----- Extracted information -----

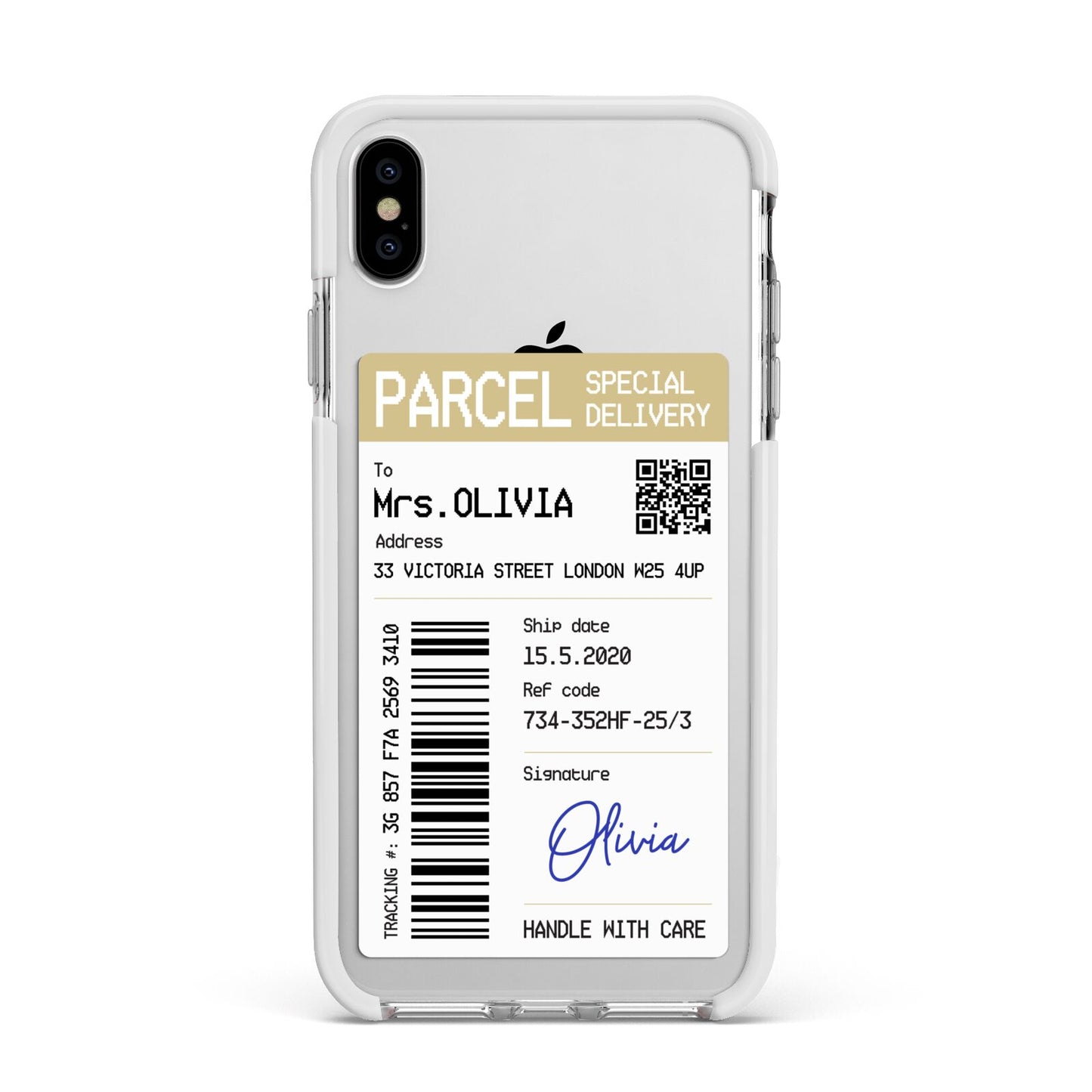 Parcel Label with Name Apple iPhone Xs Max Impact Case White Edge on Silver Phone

-----
----- Extracted information -----

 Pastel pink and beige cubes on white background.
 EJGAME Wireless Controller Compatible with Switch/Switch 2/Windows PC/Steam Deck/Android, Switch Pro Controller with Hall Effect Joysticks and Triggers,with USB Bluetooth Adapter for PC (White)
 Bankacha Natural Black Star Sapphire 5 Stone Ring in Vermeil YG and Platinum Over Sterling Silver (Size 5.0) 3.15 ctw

-----
----- Extracted information -----

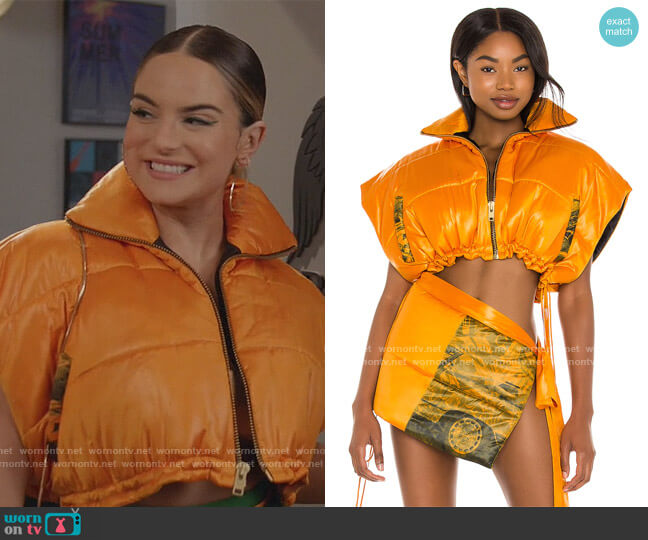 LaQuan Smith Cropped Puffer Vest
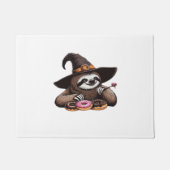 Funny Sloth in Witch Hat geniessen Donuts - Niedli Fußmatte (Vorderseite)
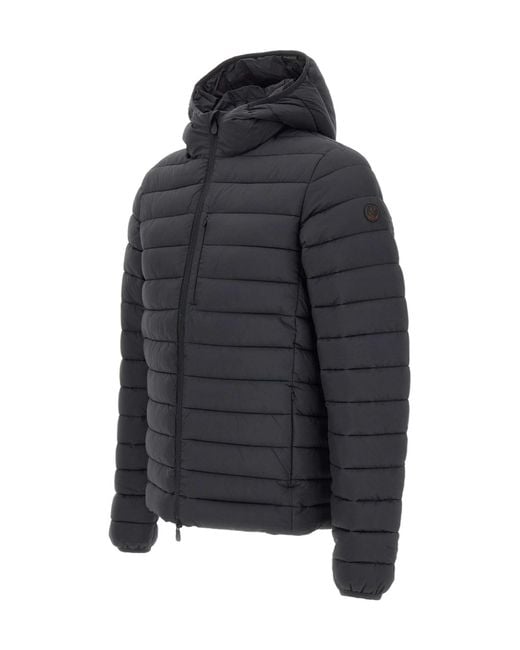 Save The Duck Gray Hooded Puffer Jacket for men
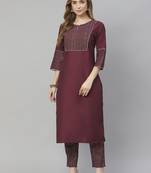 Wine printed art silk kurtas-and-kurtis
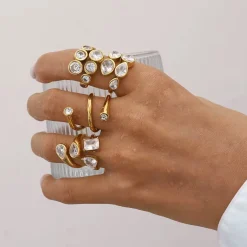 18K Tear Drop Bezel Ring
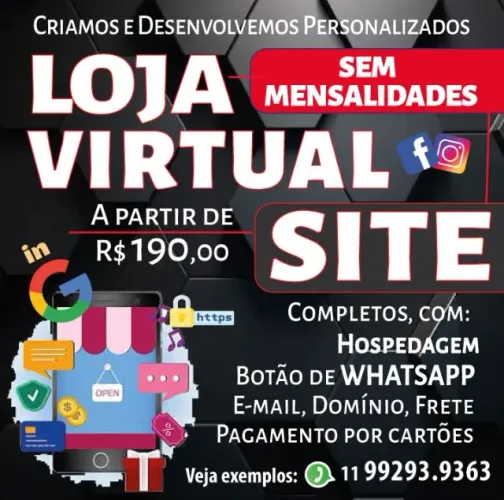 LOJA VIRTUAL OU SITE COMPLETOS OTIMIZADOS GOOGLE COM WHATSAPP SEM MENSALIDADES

-----

What you return must match, character for character, the lines above from the one with "LaQuan Smith Cropped Puffer Vest" through the one with "LOJA VIRTUAL OU", minus any pictures.

 LaQuan Smith Cropped Puffer Vest
 Funny Sloth in Witch Hat geniessen Donuts - Niedli Fußmatte (Vorderseite)
 Save The Duck Gray Hooded Puffer Jacket for men
 Wine printed art silk kurtas-and-kurtis
 18K Tear Drop Bezel Ring
 LOJA VIRTUAL OU SITE COMPLETOS OTIMIZADOS GOOGLE COM WHATSAPP SEM MENSALIDADES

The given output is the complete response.